This concern also extends to the illustrations, as much as I love them. When John proposes climbing Mount Everest, he is shown as the first up the ladder, with nineteen little girls following behind him. When they build a race car, John is shown driving it with nineteen little girls sitting behind him. To be fair, when the children reach the Great Wall of China, the children march along behind a Chinese soldier and John is third in line rather than first, and the Amazon and skyscraper/moon adventures are not so "ordered" that it's obvious that one child is leading. But the illustrations of John on the ladder and especially driving the race car really jumped out at me, in spite of the fact that I am usually not hyperaware of this kind of thing.

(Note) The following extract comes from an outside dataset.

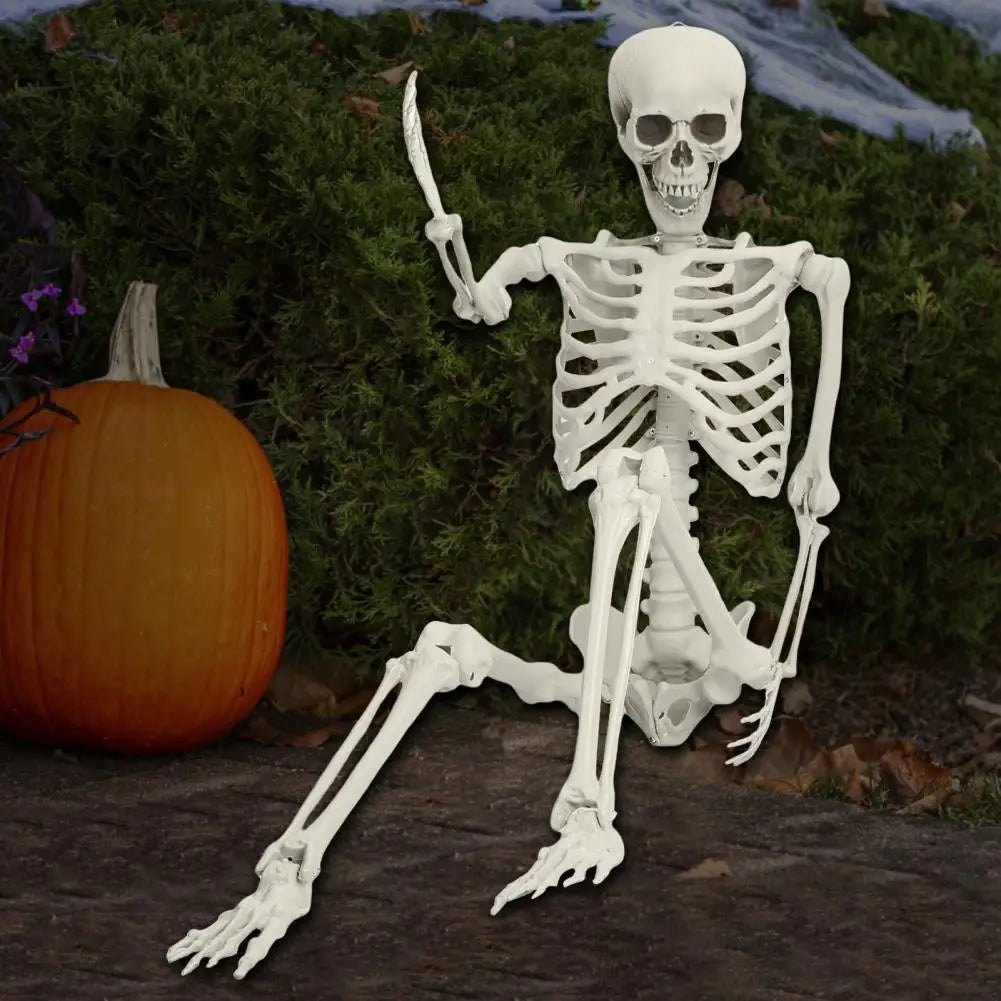 Poseable Plastic Skeleton Prop For Halloween Party Supplies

As I said, the book has far more going for it than not, and I truly do love the illustrations. I think, though, that I'd be much more comfortable giving this book to a little boy than a little girl. Overall it's a great message for boys -- it's not only okay, but often a lot of fun to play with girls. Better yet, they should be thought of as friends, not pointedly as girls. However, I'd be less likely to give this book to a little girl, because I wouldn't want her to absorb the message that the boys think up the ideas and the girls follow. On the one hand, I managed to grow up and be pretty assertive, even though I'm sure I digested lots of biased books and television shows in my childhood. On the other hand, studies have shown.... well, you know what studies have shown. Many little girls grow up unable to assert themselves.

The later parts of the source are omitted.